Please print exactly the lines from the one containing "Oddanie honoru Kompanii Honorowej Policji." through the last line of the records, and only those. Leave out any pictures.

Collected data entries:

+--

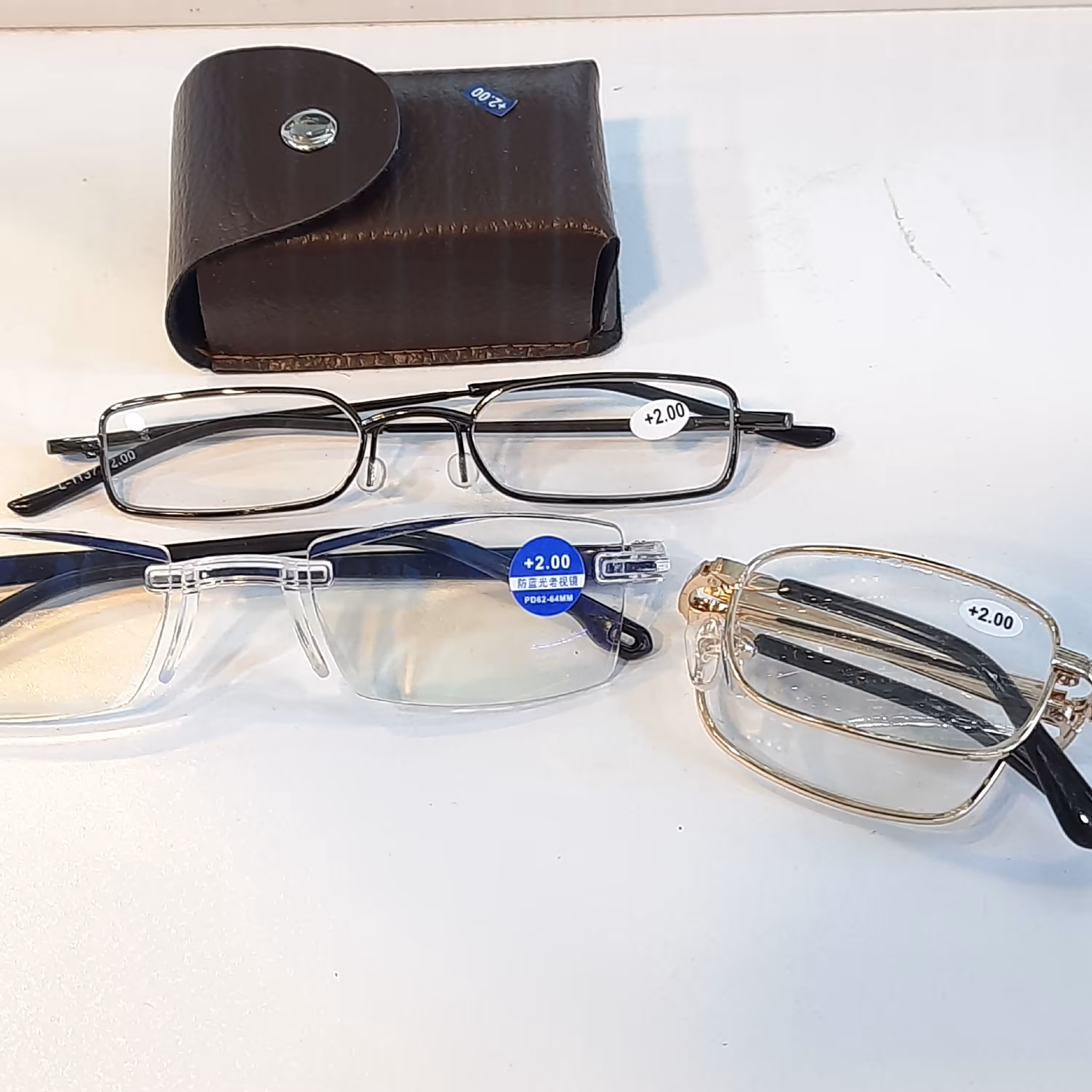 ست سه عددی عینک مطالعه  با نمره مثبت 2 همراه با جلد  عینک 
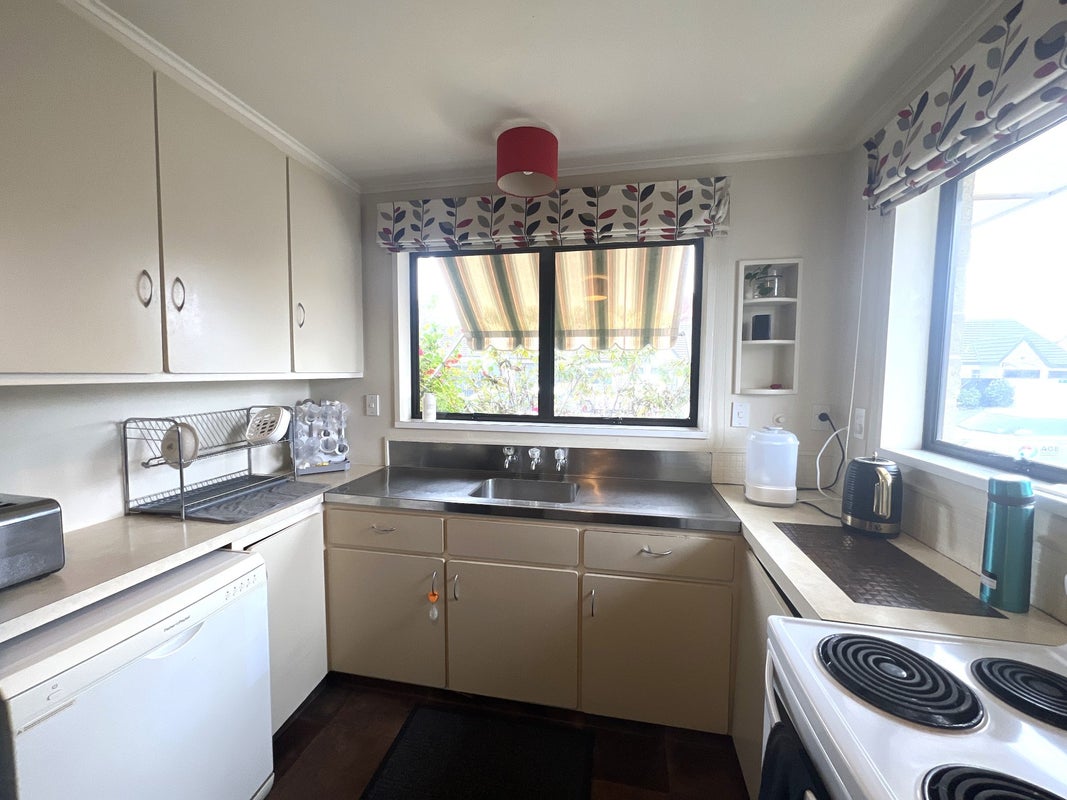 2/38 Burnett Street, Ashburton, Ashburton - Carousel 2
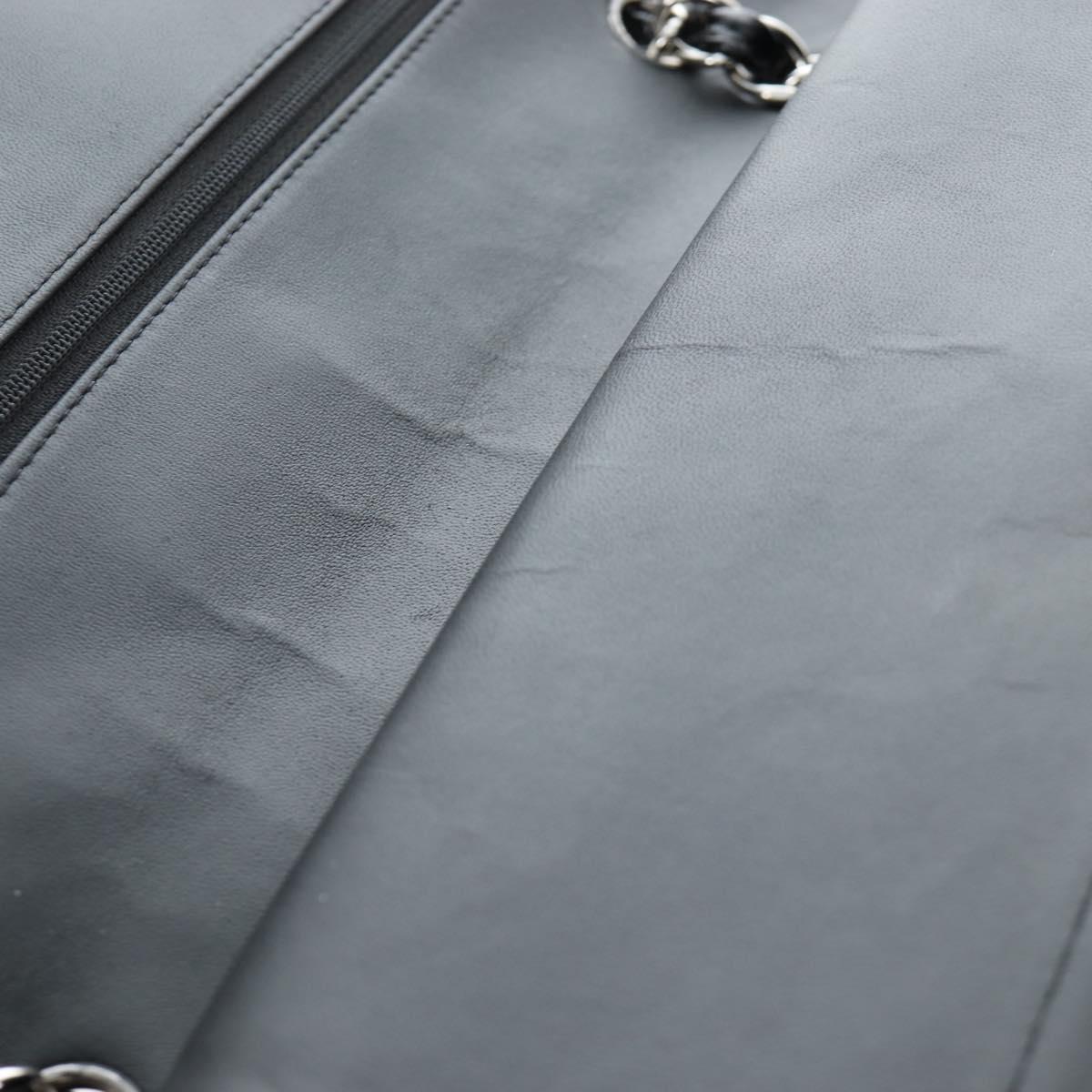 CHANEL Big Matelasse 30 Chain Bag Patent leather Black Silver CC Auth 200779M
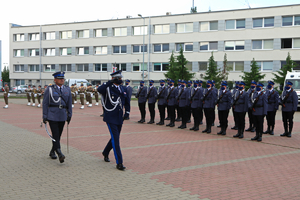 Oddanie honoru Kompanii Honorowej Policji.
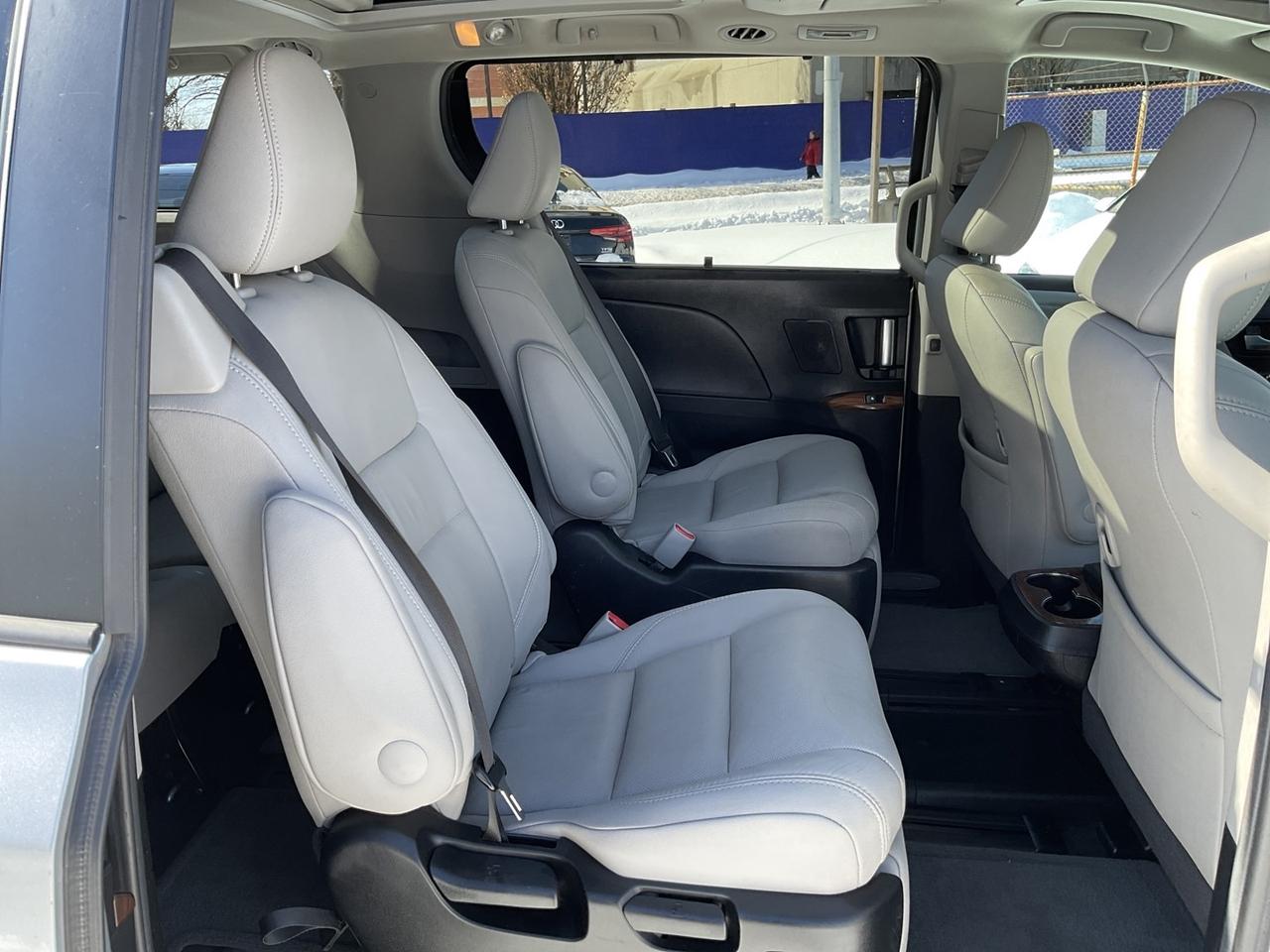 2015 Toyota Sienna LIMITED 7-Passenger V6 - LTHR! NAV! BACK-UP CAM! B Photo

+--

--- Reply ---
 Oddanie honoru Kompanii Honorowej Policji.
 2015 Toyota Sienna LIMITED 7-Passenger V6 - LTHR! NAV! BACK-UP CAM! B Photo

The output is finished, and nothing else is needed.